» **Task directions**
Exactly as they appear, copy the lines of the listing from the one containing "Jual Sandal Wanita" through the final line, both included, and nothing else.
BEGIN
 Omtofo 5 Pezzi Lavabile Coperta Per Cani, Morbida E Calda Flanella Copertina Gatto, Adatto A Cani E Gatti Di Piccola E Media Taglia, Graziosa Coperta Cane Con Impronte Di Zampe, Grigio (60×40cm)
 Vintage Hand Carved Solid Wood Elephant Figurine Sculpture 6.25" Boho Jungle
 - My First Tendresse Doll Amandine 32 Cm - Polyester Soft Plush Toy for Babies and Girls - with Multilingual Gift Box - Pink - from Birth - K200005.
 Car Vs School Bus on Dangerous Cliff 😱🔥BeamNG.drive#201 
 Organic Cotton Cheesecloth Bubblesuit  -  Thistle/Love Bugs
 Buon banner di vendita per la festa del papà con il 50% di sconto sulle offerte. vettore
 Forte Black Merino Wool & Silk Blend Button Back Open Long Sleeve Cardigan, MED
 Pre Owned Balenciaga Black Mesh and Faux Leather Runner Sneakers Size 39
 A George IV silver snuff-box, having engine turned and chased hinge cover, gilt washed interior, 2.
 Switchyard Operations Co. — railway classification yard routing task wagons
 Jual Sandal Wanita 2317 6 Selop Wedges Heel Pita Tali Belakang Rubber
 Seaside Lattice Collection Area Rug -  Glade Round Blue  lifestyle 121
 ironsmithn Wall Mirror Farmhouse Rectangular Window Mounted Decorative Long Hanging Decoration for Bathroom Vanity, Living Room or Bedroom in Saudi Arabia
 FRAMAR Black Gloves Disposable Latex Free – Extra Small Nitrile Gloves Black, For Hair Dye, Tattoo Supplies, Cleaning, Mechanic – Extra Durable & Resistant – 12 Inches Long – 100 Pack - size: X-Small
END
» **Result for this task**
 Jual Sandal Wanita 2317 6 Selop Wedges Heel Pita Tali Belakang Rubber
 Seaside Lattice Collection Area Rug -  Glade Round Blue  lifestyle 121
 ironsmithn Wall Mirror Farmhouse Rectangular Window Mounted Decorative Long Hanging Decoration for Bathroom Vanity, Living Room or Bedroom in Saudi Arabia
 FRAMAR Black Gloves Disposable Latex Free – Extra Small Nitrile Gloves Black, For Hair Dye, Tattoo Supplies, Cleaning, Mechanic – Extra Durable & Resistant – 12 Inches Long – 100 Pack - size: X-Small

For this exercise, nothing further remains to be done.